Erst 1993 schaffte sie den Durchbruch und konnte ihren ersten Entwurf realisieren: das Feuerwehrhaus des vitra-Werks in Weil am Rhein. Sie verdankte dies der Innovationsfreude von Rolf Fehlbaum, dem geschäftsführenden Inhaber von vitra, der bereits eine Reihe angesehener Architekten wie Tadao Andō und Frank Gehry für den Bau neuer Produktionsstätten, anderer Firmengebäude und des Vitra Design Museums engagiert hatte. Zwar hatte sie schon 1987 mit dem Bau eines vergleichsweise unauffälligen Hauses mit Wohnhof zur IBA in Berlin-Kreuzberg begonnen, doch wurde dieses erst 1994 fertiggestellt. Bei Hadids Feuerwache laufen die Betonwände in einem spitzen Winkel auf den Haupteingang zu und verleihen so dem Gebäude eine extreme Dynamik. In der Fachwelt wird die Feuerwache als eine „revolutionäre“ Bau-„Ikone“ gewürdigt. Hadid-Kritiker kolportieren dagegen vorzugsweise die Unmutsbekundungen einiger Feuerwehrleute, die nicht mit den schrägen Wänden zurechtkamen, und unterschlagen dabei, dass das Gebäude zur vollen Zufriedenheit funktionierte. „Zu der Zeit war es wahrscheinlich die aufregendste Feuerwache der Welt und sie funktionierte prima“, so Fehlbaum. Nach wenigen Jahren wurde die Feuerwache nicht mehr gebraucht, doch nicht wegen des Missfallens einzelner Feuerwehrleute, sondern „da eine Betriebsfeuerwehr nur den Ersteinsatz vornehmen, nicht aber die Arbeit der öffentlichen Feuerwehr ersetzen konnte“.

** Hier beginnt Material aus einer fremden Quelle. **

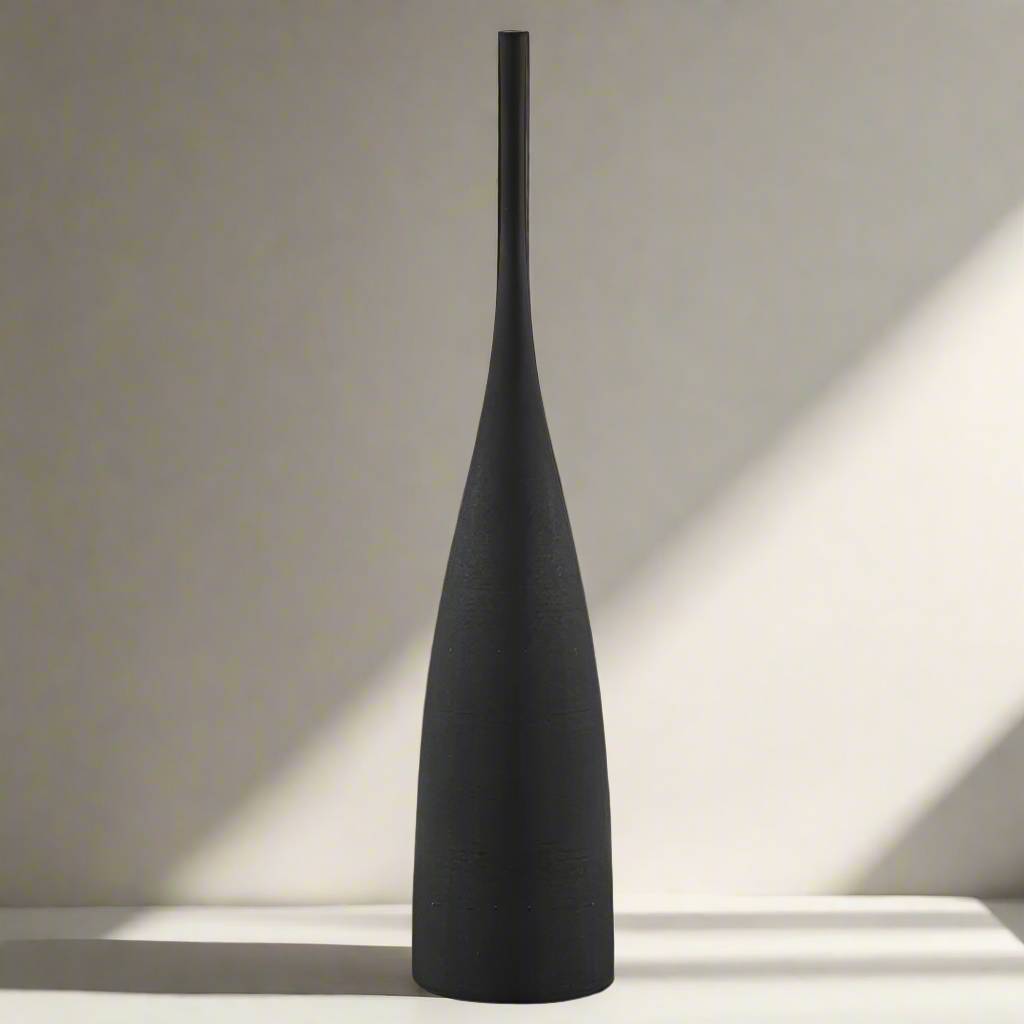 Minimalist Ceramic Vase – Handcrafted Matte Finish Decorative Vase for Modern Home Styling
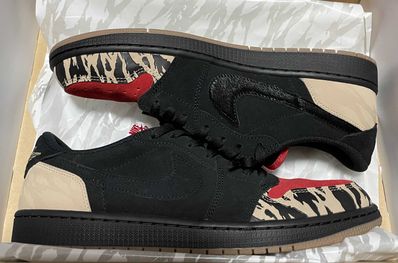 Sole Fly × Nike Air Jordan 1 Low "Black and Sport Red"
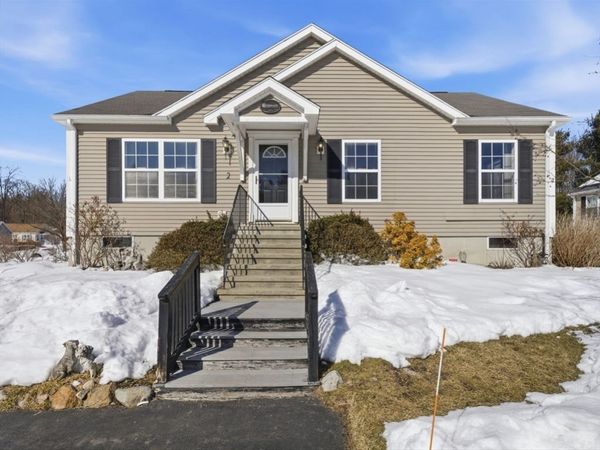 2 Mountain Ash Rd., Unit 2, East Bridgewater, MA 02333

Ihr größtes Projekt in Deutschland war das phæno in Wolfsburg (Bauzeit 2001–2005), ein interaktives Erlebnismuseum der Naturwissenschaften, bei dem sie neue Möglichkeiten der dynamischen Gestaltung des Raumes erprobte. Hadid hielt diesen Entwurf für ihr ehrgeizigstes Bauwerk in Deutschland, da es trotz seiner komplexen Konstruktion „schwerelos wirke“. Hadid war bei ihrer unablässigen Suche nach neuen Formen auch stets daran interessiert, die neuesten Bautechniken und -materialien zu verwenden, so wie hier mit einem selbstverdichtenden Beton (SVB).